A challenge after a judgment has been entered that the district court lacked subject matter jurisdiction is brought under FRCP 60(b)(4), as PCIC acknowledges. This rule provides that “[o]n motion and just terms, the court may relieve a party . . . from a final judgment, order, or proceeding for the [reason that] the judgment is void.” The U.S. Supreme Court has explained that

A judgment is not void, for example, simply because it is or may have been erroneous.... Rule 60(b)(4) applies only in the rare instance where a judgment is premised either on a certain type of jurisdictional error or on a violation of due process that deprives a party of notice or the opportunity to be heard. Federal courts considering Rule 60(b)(4) motions that assert a judgment is void because of a jurisdictional defect generally have reserved relief only for the exceptional case in which the court that rendered judgment lacked even an “arguable basis” for jurisdiction.
United Student Aid Funds Inc. v. Espinosa, 559 U.S. 260, 270-71 (2010) (quotation marks and citations omitted); see also United States v. Bach Oldsmobile, Inc., 909 F.2d 657, 661-62 (1st Cir. 1990) ((“[T]otal want of jurisdiction must be distinguished from an error in the exercise of jurisdiction, and . . . only rare instances of a clear usurpation of power will render a judgment void.” (cleaned up)).

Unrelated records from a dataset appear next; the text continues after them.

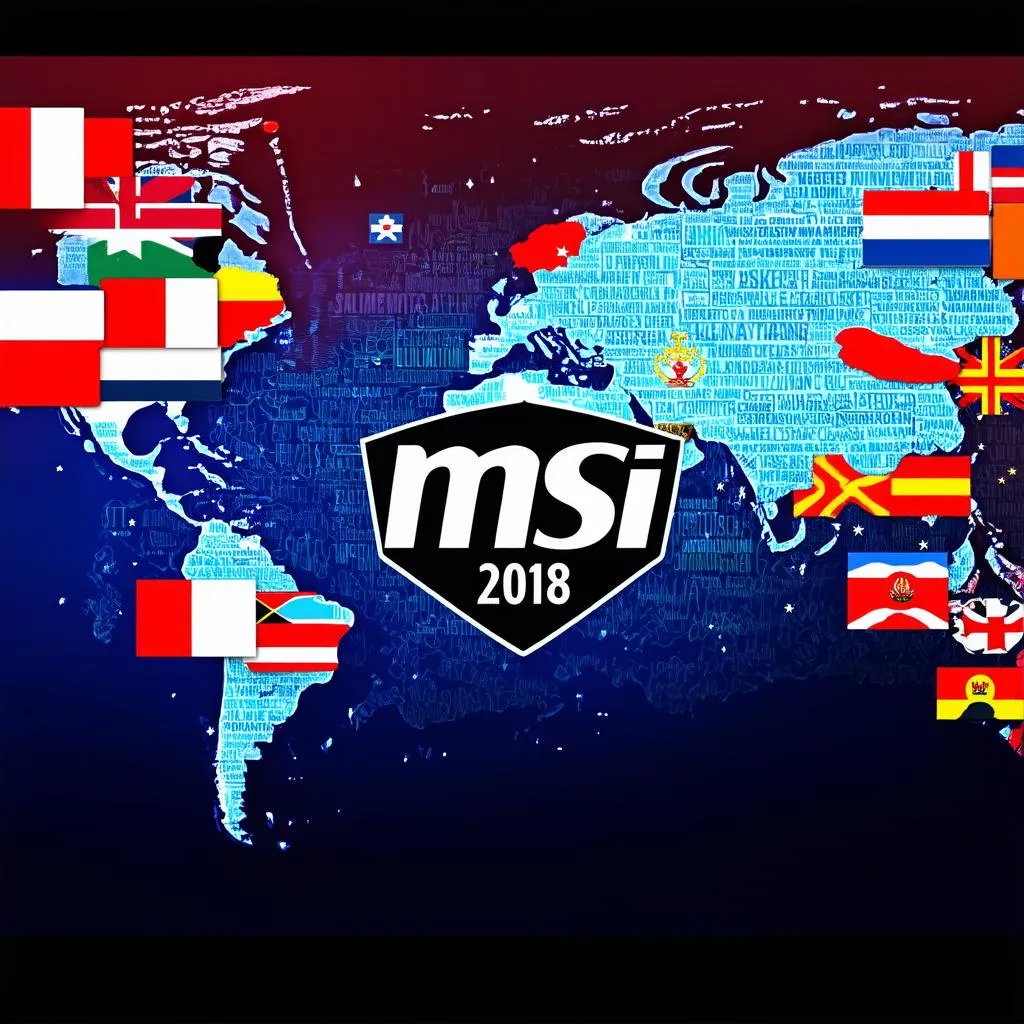 MSI 2018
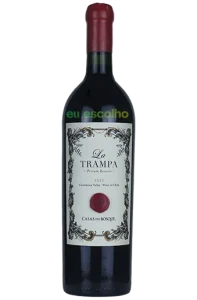 La Trampa Private Reserve Casas Del Bosque 2022 750ml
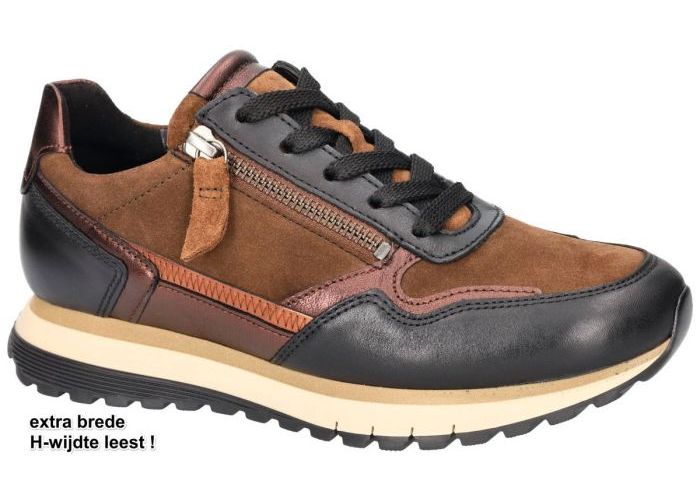 Gabor 76.378.41 sneakers  bruin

In other words, “[t]he concept of a void judgment is extremely limited.... [T]he concept is so narrowly restricted that, although seemingly incongruous, a federal court judgment is almost never void because of lack of federal subject matter jurisdiction.” Kansas City S. Ry. Co. v. Great Lakes Carbon Corp., 624 F.2d 822, 825 n.5 (8th Cir. 1980) (citations omitted); see also Hoffmann v. Pulido, 928 F.3d 1147, 1151 (9th Cir. 2019) (“We recognize that Federal Rule of Civil Procedure 60(b)(4) expressly allows for final judgments to be declared void in some circumstances, including certain limited situations in which the court lacked subject-matter jurisdiction to enter the judgment in the first place. But the scope of what constitutes a void judgment is narrowly circumscribed, and judgments are deemed void only where the assertion of jurisdiction is truly unsupported.” (citation omitted)). “[A] lack of subject matter jurisdiction will not always render a final judgment ‘void' under [FRCP 60(b)(4)]. Only when the jurisdictional error is ‘egregious' will courts treat the judgment as void.” United States v. Tittjung, 235 F.3d 330, 335 (7th Cir. 2000). A judgment is void only where there is “a clear usurpation of power by a district court, and not an error of law in determining whether it has jurisdiction” Nemaizer v. Baker, 793 F.2d 58, 65 (2d Cir. 1986); see also Hoffman, 928 F.3d at 1151 (“The principle that a void judgment must lack even a colorable basis ultimately stems from the court's ‘jurisdiction to determine jurisdiction.' . . . If any jurisdictional foible could be the basis of a voidness challenge, litigants would have unending opportunities to second-guess a court's legal determination as to its jurisdiction outside of the typical appellate review process, and the court's interest in finality would be undermined.” (citation omitted)). “A court does not usurp its power when it erroneously exercises jurisdiction.” Gschwind v. Cessna Aircraft Co., 232 F.3d 1342, 1346 (10th Cir. 2000).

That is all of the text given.